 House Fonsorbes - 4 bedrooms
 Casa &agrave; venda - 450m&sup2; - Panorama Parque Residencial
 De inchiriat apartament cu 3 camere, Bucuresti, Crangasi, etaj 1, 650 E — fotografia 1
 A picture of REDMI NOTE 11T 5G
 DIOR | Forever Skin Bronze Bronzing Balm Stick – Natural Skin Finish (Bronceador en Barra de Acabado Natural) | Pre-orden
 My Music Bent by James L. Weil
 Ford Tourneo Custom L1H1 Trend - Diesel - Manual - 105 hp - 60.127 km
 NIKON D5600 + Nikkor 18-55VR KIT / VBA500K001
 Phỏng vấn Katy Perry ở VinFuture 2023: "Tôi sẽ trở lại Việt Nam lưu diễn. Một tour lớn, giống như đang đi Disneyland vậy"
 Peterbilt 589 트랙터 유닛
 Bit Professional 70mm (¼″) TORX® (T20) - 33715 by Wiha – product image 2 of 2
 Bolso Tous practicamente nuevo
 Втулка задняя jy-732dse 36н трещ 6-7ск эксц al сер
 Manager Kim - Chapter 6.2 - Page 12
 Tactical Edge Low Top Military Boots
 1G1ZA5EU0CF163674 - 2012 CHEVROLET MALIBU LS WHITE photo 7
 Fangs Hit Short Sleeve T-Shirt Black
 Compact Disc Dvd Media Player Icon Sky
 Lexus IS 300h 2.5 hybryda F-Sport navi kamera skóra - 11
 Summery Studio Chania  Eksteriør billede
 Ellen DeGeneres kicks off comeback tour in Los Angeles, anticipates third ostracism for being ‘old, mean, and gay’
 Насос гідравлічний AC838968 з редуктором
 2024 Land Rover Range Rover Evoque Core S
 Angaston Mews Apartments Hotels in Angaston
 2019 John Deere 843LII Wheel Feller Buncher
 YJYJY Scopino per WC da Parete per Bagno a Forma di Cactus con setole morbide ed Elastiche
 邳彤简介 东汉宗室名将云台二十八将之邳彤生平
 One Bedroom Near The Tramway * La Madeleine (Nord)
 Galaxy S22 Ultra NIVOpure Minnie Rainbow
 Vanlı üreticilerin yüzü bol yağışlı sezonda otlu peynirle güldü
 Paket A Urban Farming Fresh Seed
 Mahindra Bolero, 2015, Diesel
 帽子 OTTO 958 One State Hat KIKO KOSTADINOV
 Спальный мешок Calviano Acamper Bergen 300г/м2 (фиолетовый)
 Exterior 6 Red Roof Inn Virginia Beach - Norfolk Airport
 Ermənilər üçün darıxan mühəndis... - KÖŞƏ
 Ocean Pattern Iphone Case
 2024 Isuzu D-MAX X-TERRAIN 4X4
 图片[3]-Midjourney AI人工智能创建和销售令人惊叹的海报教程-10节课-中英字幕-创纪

........

◆ **What you will do**
In the records above, how many lines include "Diesel"? Reply only with the number.

◆ **Solution to this problem**
2